Task prompt - Using the material below, write out every entry exactly.

Supplied material -
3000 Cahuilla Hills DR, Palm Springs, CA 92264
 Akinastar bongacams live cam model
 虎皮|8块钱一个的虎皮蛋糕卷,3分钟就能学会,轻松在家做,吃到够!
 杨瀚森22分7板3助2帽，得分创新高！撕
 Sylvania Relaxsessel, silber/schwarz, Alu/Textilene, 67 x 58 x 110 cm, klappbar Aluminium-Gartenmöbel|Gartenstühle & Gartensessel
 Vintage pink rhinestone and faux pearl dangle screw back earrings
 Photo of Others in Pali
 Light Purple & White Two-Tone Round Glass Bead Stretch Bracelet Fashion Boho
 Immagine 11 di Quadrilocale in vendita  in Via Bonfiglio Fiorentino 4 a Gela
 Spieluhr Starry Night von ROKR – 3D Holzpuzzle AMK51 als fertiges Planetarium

Output below -
3000 Cahuilla Hills DR, Palm Springs, CA 92264
 Akinastar bongacams live cam model
 虎皮|8块钱一个的虎皮蛋糕卷,3分钟就能学会,轻松在家做,吃到够!
 杨瀚森22分7板3助2帽，得分创新高！撕
 Sylvania Relaxsessel, silber/schwarz, Alu/Textilene, 67 x 58 x 110 cm, klappbar Aluminium-Gartenmöbel|Gartenstühle & Gartensessel
 Vintage pink rhinestone and faux pearl dangle screw back earrings
 Photo of Others in Pali
 Light Purple & White Two-Tone Round Glass Bead Stretch Bracelet Fashion Boho
 Immagine 11 di Quadrilocale in vendita  in Via Bonfiglio Fiorentino 4 a Gela
 Spieluhr Starry Night von ROKR – 3D Holzpuzzle AMK51 als fertiges Planetarium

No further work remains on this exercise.